Directions for this task: Lines of the material that include the string "Blue" should be returned.

Input:
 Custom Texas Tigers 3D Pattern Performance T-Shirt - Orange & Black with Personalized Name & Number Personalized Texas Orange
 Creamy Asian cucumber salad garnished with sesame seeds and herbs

* * *

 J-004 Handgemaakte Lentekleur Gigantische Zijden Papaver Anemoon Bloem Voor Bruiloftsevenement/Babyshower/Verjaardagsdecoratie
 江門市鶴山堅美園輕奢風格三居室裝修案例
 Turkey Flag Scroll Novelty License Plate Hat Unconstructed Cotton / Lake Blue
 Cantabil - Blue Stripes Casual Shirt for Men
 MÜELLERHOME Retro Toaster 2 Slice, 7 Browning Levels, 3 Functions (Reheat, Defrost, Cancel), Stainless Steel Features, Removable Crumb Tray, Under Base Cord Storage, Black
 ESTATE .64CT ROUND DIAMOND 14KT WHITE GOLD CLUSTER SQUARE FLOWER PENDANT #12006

Solved problem:
 Turkey Flag Scroll Novelty License Plate Hat Unconstructed Cotton / Lake Blue
 Cantabil - Blue Stripes Casual Shirt for Men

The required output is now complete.